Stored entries
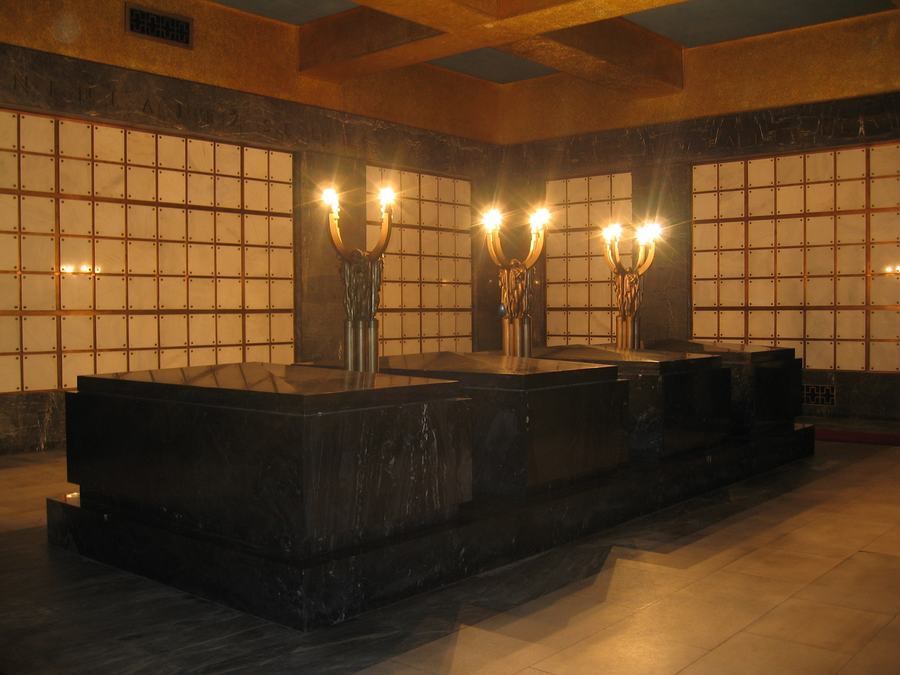 A dark marble funerary hall with three black sarcophagi in a row, each with a lit bronze candelabrum behind it, and walls of small square columbarium plaques.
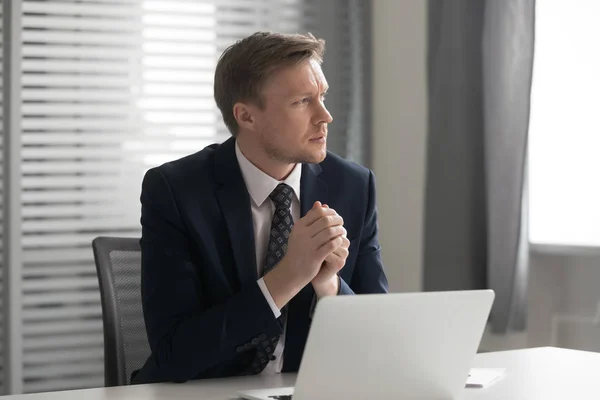 Serious thoughtful businessman feel doubtful concerned about business challenge — Stock Photo, Image
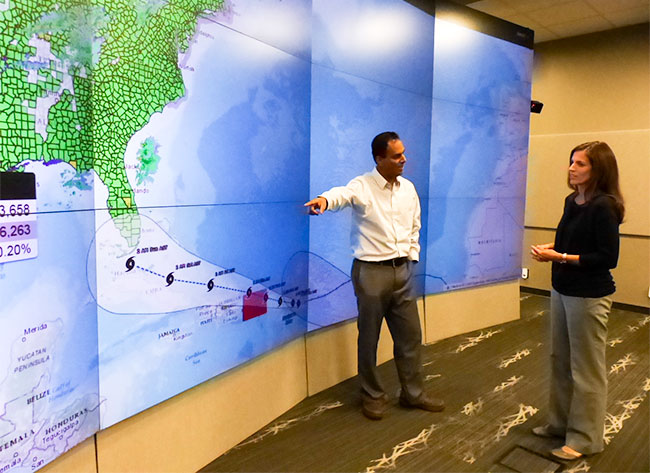 Jibonananda "Jibo" Sanyal, left, and Amy Rose of Oak Ridge National Laboratory discuss the lab's help with data on electric power outages and population counts in hazards and emergencies such as Hurricane Harvey in Texas and Hurricane Irma, approaching from the Atlantic Ocean above, as pictured on Tuesday, Sept. 5, 2017. (Photo by John Huotari/Oak Ridge Today)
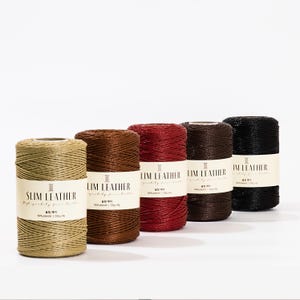 Op de afbeelding: Vijf spoelen leer draad in verschillende kleuren: beige, bruin, rood, donkerbruin en zwart. Elke spoel heeft een wit etiket met de tekst "LIM LEATHER" en "SLIM LEATHER". De draad is strak gewikkeld en lijkt van polyester te zijn.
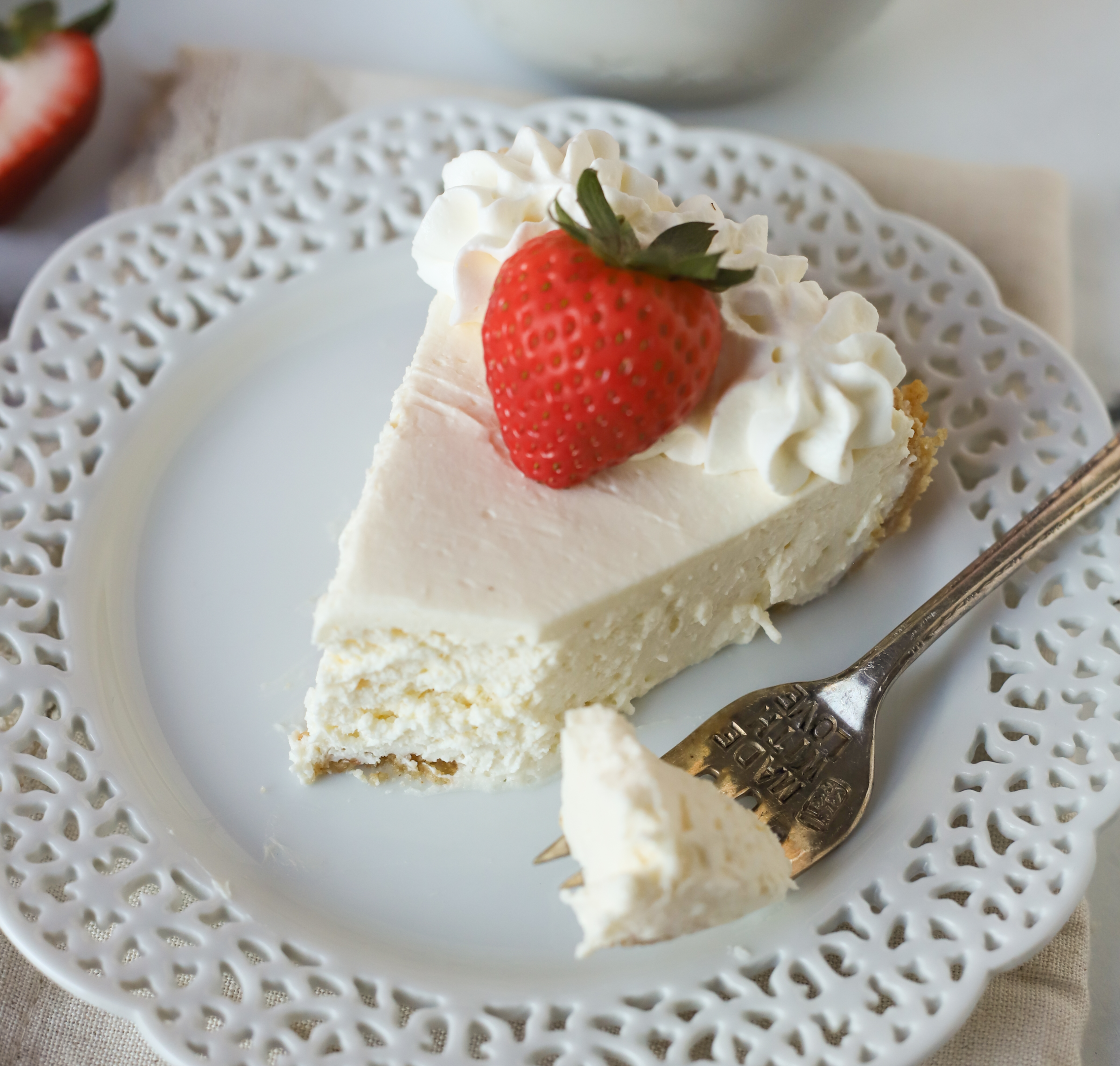slice of no bake cheesecake on a plate with a fork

Activity
Pictures are to be omitted; otherwise, write out the data exactly as it appears.

Task solution
 A dark marble funerary hall with three black sarcophagi in a row, each with a lit bronze candelabrum behind it, and walls of small square columbarium plaques.
 Serious thoughtful businessman feel doubtful concerned about business challenge — Stock Photo, Image
 Jibonananda "Jibo" Sanyal, left, and Amy Rose of Oak Ridge National Laboratory discuss the lab's help with data on electric power outages and population counts in hazards and emergencies such as Hurricane Harvey in Texas and Hurricane Irma, approaching from the Atlantic Ocean above, as pictured on Tuesday, Sept. 5, 2017. (Photo by John Huotari/Oak Ridge Today)
 Op de afbeelding: Vijf spoelen leer draad in verschillende kleuren: beige, bruin, rood, donkerbruin en zwart. Elke spoel heeft een wit etiket met de tekst "LIM LEATHER" en "SLIM LEATHER". De draad is strak gewikkeld en lijkt van polyester te zijn.
slice of no bake cheesecake on a plate with a fork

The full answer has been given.